How is that initial investment just "disappeared" from the books? Is it that there's no promised return? Is the investment not for a specific share of the company?
When companies want to raise money selling stock (including public companies), they create new shares of stock. The company doesn’t hold stock directly, the shareholders do.

This makes all the shares worth less. If the company raises a lot of money but the overall value of the company doesn’t rise commensurately, small amounts may be worth peanuts.

Behind that, private companies make other complex arrangements involving different classes of shares. Preferred shares might get paid out first and have a guarantee of 1.1x the price paid. If there’s money after that, the common shares get paid out.

Or the company does something insane, everyone gets screwed, and you all go to court.
posted by JoeBlubaugh at 7:26 AM on May 19, 2020 [5 favorites]


Maybe I'm missing something, but his experience is "I was a series A investor, now Giphy is sold, if I ever find out what if anything I made from this I will let you know" -- this feels really premature as a post, without any real details about how tech investing works such that companies that sell for 100x or more what they raised still only give some investors 5x or less, or anything other than "I didn't make money even though my friends did".
posted by jeather at 7:31 AM on May 19, 2020 [6 favorites]
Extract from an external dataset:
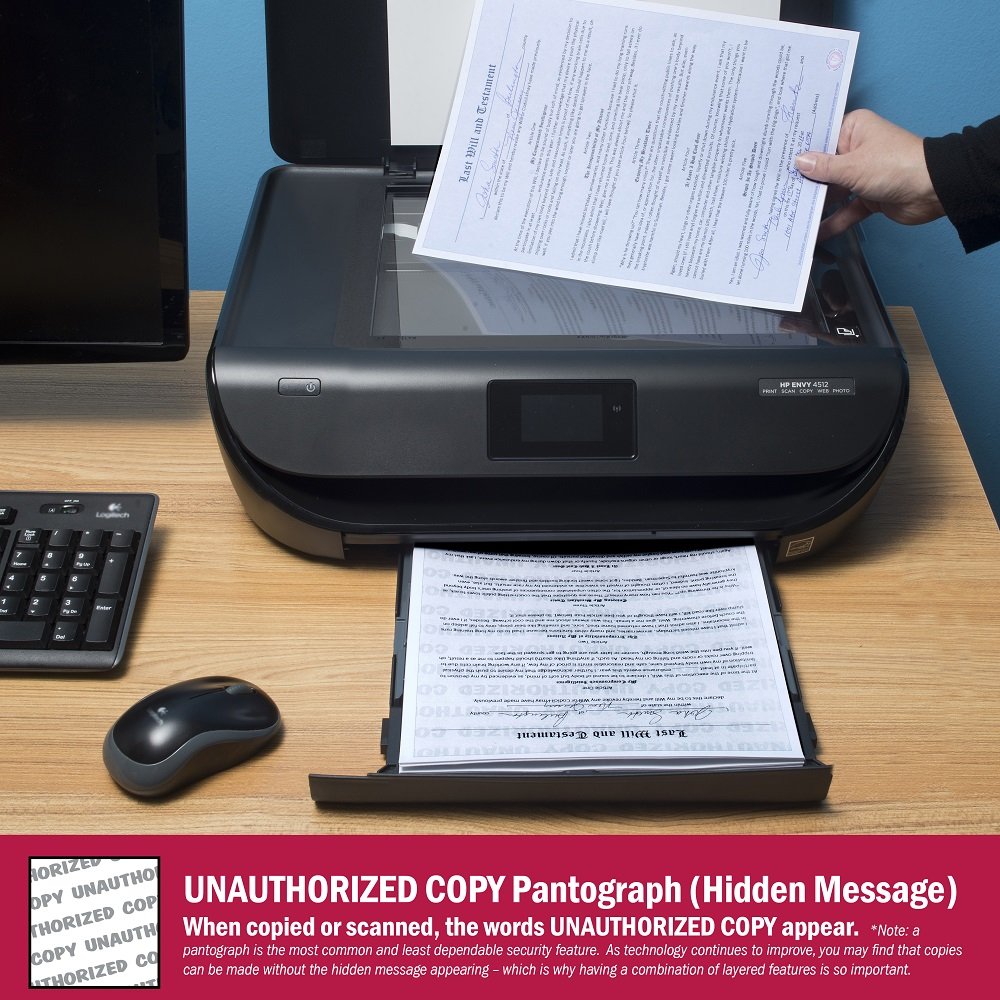 Advanced Blue Multi-Purpose Security Paper, 7 Features, 8.5 x 11 Inches, 24 lb, 500 Sheets (04546)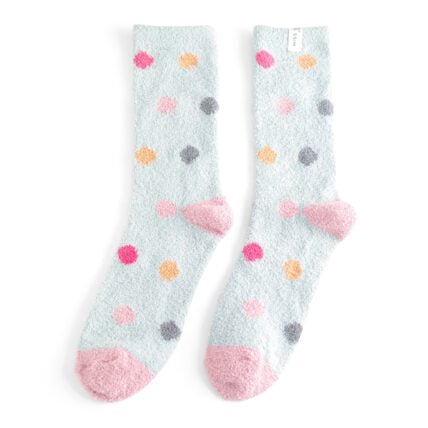 Miss Sparrow Fluffy Spots Socks Blue - Give And Glow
My guess is that on the one hand, his shares are diluted. However, on the other hand, he should still get a check, however small, (or converted to a tiny tiny sliver of a fraction of Facebook stock??) but sounds like that fell through the cracks as well. [ Small or out-of-mind things fall through the cracks in any company or organization constantly when it's nobody's job to care about them and the company goes through personel, management, organizational change. ]
posted by thefool at 8:24 AM on May 19, 2020


The fact that Matt's investment will end up being worthless despite a $400M acquisition is awful, but somewhat unsurprising given all the preferred investor terms later stage VCs write for themselves. That was always one of the risks of amateur angel investing like Alphaworks was trying to do; the amateurs get the shittiest deal often without even knowing they did.

What makes me mad is no one has told Matt, a shareholder, about the acquisition or informed him about the status of his investment. Now the deal only closed 4 days ago, maybe they'll get around to it. They have a legal obligation to.
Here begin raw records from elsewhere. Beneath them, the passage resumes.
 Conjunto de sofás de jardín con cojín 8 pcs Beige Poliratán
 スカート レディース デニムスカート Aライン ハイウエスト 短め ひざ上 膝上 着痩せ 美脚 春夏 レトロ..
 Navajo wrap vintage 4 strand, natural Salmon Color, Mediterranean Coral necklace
But it's quite common for investors in early startups to just get forgotten, or their paperwork misplaced, or otherwise for some sloppy lawyer / accountant to drop the ball and drop someone off the cap table. It's crazy, but it happens a lot. Here's a story about broken cap tables from 2015 by eShares (now Carta), a company selling a cap table product.
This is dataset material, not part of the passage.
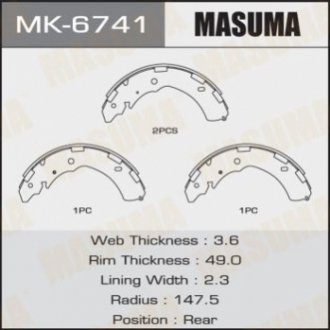 Колодка гальмівна барабанна MASUMA MK6741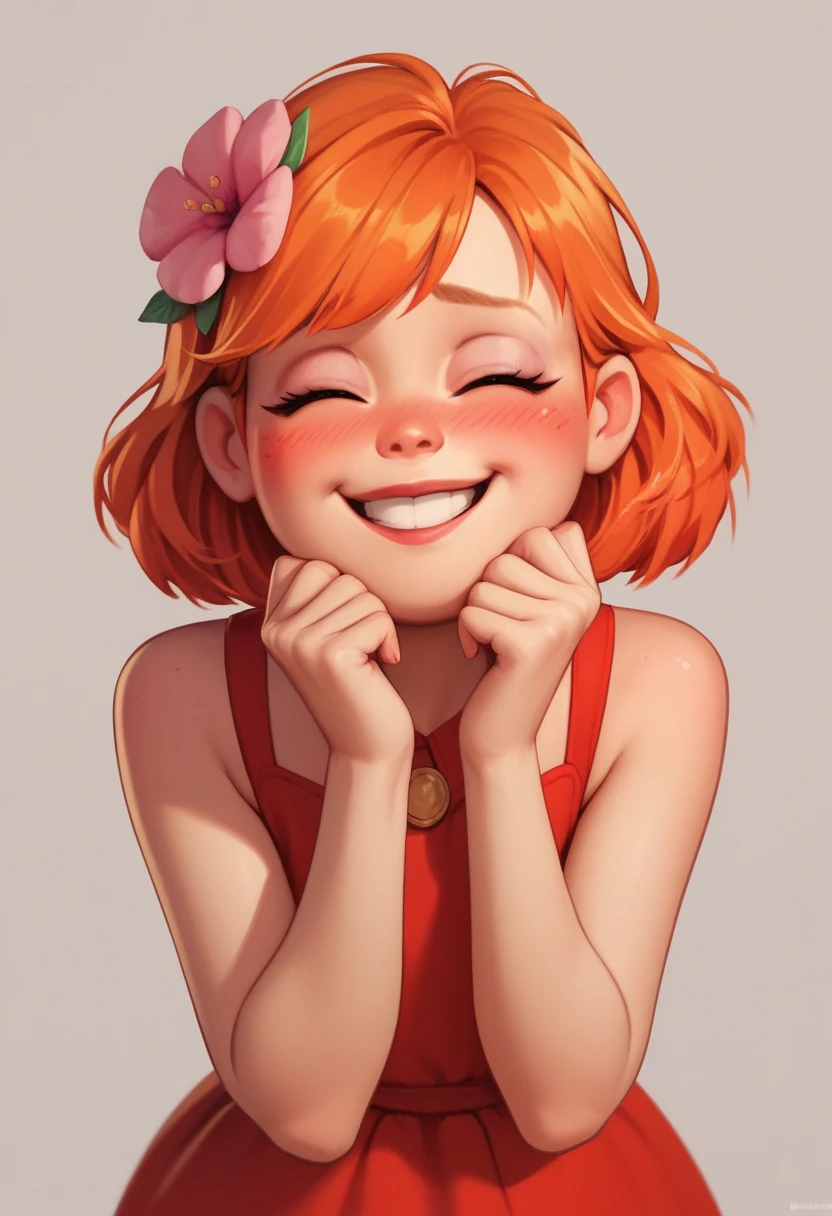 meilinlee, pink flower on hair, orange hair, red dress, makeup, shy smile, blush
I've gotten shares in a few startups over the years. I always make a point of writing the company's lawyer or CFO or whoever once a year or so, just checking up that they still have my ownership registered correctly. So far so good but it's a bit of a nuisance for everyone. But when the cap table is literally a hand edited spreadsheet, you have to protect yourself.
posted by Nelson at 8:27 AM on May 19, 2020 [8 favorites]


This is a closely related, but slightly different, manifestation of the scenario that played out in The Big Short.

In 2007, the writing was on the wall, and everyone knew that there was a meltdown coming. If you wanted to short the market, and you weren't an insider, you had to come up with millions (IIRC over $10 Million) to even play.

Even betting against the overleveraged rich idiots isn't allowed unless you're also rich.

The gatekeepers have ensured that the idiot sons of rich fathers get a bite at the apple before a smart person who gets in on day one that isn't rich.

Stock/ownership dilution should be banned.
posted by tclark at 8:34 AM on May 19, 2020 [8 favorites]


This makes me think that using an app like Robinhood for small dollar investments is a dumb idea. For example, owning 100 shares of big_company_x at $5.00 each is probably just throwing money away?
posted by NoMich at 8:50 AM on May 19, 2020


You're not throwing it away investing in BIGCO, but you're not going to see large price swings giving you a good payout either, and AFAIK the advice for small investors remains the same: buy an index fund and hold it. Anything else is small stakes gambling.
posted by fatbird at 8:58 AM on May 19, 2020 [6 favorites]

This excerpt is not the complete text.